** Opening DATA SUPPLIED block **

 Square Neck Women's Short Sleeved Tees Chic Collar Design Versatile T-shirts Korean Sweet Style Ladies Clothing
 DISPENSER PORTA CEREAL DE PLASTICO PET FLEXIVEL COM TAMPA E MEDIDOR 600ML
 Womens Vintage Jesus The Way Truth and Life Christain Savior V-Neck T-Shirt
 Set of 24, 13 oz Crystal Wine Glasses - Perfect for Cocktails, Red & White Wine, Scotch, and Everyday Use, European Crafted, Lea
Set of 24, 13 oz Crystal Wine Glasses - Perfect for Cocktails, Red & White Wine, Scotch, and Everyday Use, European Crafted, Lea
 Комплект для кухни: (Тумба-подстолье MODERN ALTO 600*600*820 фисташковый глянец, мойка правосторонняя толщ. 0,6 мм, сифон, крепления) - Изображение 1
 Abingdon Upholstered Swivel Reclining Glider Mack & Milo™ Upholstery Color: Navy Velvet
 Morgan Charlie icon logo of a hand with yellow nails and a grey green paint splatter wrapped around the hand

** Closing DATA SUPPLIED block **

◆ **GOAL OF THE EXERCISE**
The entries above are to be retyped exactly, with nothing left out.

◆ **OUTPUT OF THE EXERCISE**
 Square Neck Women's Short Sleeved Tees Chic Collar Design Versatile T-shirts Korean Sweet Style Ladies Clothing
 DISPENSER PORTA CEREAL DE PLASTICO PET FLEXIVEL COM TAMPA E MEDIDOR 600ML
 Womens Vintage Jesus The Way Truth and Life Christain Savior V-Neck T-Shirt
 Set of 24, 13 oz Crystal Wine Glasses - Perfect for Cocktails, Red & White Wine, Scotch, and Everyday Use, European Crafted, Lea
Set of 24, 13 oz Crystal Wine Glasses - Perfect for Cocktails, Red & White Wine, Scotch, and Everyday Use, European Crafted, Lea
 Комплект для кухни: (Тумба-подстолье MODERN ALTO 600*600*820 фисташковый глянец, мойка правосторонняя толщ. 0,6 мм, сифон, крепления) - Изображение 1
 Abingdon Upholstered Swivel Reclining Glider Mack & Milo™ Upholstery Color: Navy Velvet
 Morgan Charlie icon logo of a hand with yellow nails and a grey green paint splatter wrapped around the hand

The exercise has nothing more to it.